Morgan Stanley Has Been Bogged Down With Legacy Issues, But Future May Be Brighter Now

Morgan Stanley CEO James Gorman’s plan to boost returns has created disagreement among analysts as they debate whether his strategy will satisfy investors. The market says it can.

The stock has surged 11% in the two trading days since the New York-based bank reported fourth-quarter results and Gorman laid out his plan for higher returns. David Hilder, a Drexel Hamilton analyst, cited the strategy in raising his share-price estimate, while others including Atlantic Equities LLP’s Richard Staite expressed doubt the firm could attain Gorman’s goals over the next few years.

Bloomberg reports that Gorman called the fourth quarter a 'pivot point' as he moves from managing the aftermath of the financial crisis to focusing on improving profits. Faced with questions about the firm’s ability to earn its cost of equity, an estimate of returns demanded by investors, Gorman laid out a plan to double return on equity to 10% even without an improvement in the markets.
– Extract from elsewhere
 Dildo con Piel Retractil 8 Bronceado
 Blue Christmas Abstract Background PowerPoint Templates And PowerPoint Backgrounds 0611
'Just the fact that we’re having a call where they’re talking about long-term strategy and profitability is refreshing', said Shannon Stemm, an analyst at Edward Jones & Co. in St. Louis. 'This is something that you hope you’re able to think and talk about every single quarter, but that has not been the case with Morgan Stanley (MS) because they’ve been very bogged down in some of these legacy issues'.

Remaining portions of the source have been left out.